When the parrot was brought into the room where the prince was sitting, in company with several Dutchmen, it at once cried out in the Brazilian language, “What a company of white men are here!” They asked it, “Who is that man?” (pointing to the prince). The parrot answered, “Some general or other.” When the attendants carried it up to him, he asked it, through the aid of an interpreter (for he did not understand its language), “Whence do you come?” The parrot answered, “From Marignan.”

The prince asked, “To whom do you belong?” It answered, “To a Portuguese.” He asked again, “What do you there?” The parrot answered, “I look after chickens.” The prince laughing, exclaimed, “You look after chickens!” The parrot in reply said, “Yes, I do; and I know well how to do it;” clucking at the same time in imitation of the noise made by the hen to call her little chicks together.

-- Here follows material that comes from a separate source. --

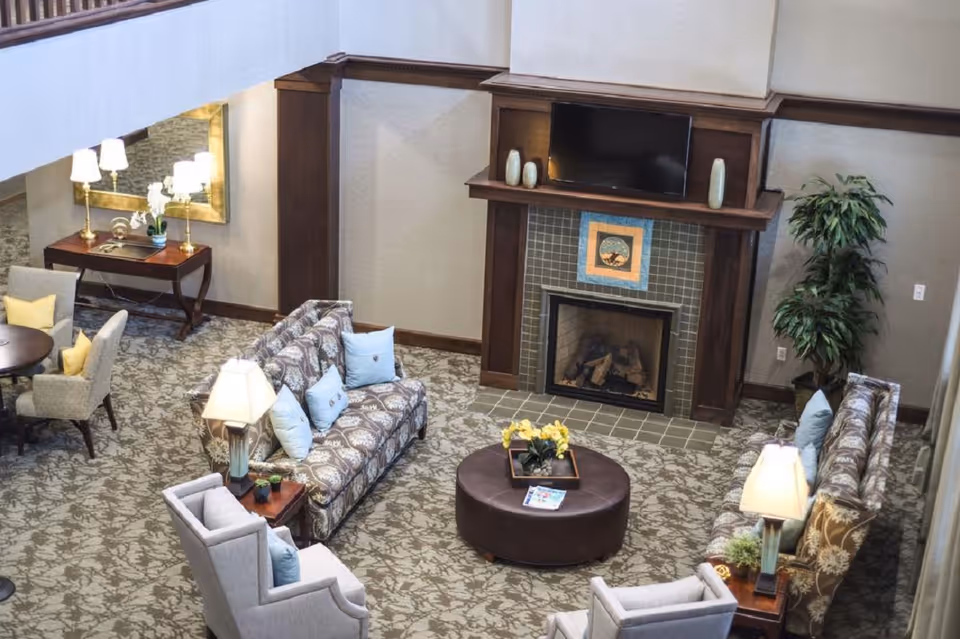 Spacious senior living lounge with patterned sofas and armchairs arranged around a round ottoman facing a fireplace and wall-mounted TV.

The prince afterward said that although the parrot spoke in a language he did not understand, yet he could not be deceived, for he had in the room at the time both a Dutchman who spoke Brazilian, and a Brazilian who spoke Dutch; that he asked them separately and privately, and both agreed exactly in their account of the parrot's conversation.


LXXV

A CHARITABLE CANARY

A pair of goldfinches who had had the misfortune to be captured with their nest and six young ones, were placed in a double cage, with a pair of canaries, which had a brood of little ones also; there being a partition of wire netting between the cages.

At first the goldfinches seemed careless about their young ones. The father canary, attracted by the cries of the baby goldfinches, forced himself through a flaw in the wire, and began to feed them. This it did regularly, until the goldfinches undertook the work themselves, and rendered the kindness of the canary no longer necessary.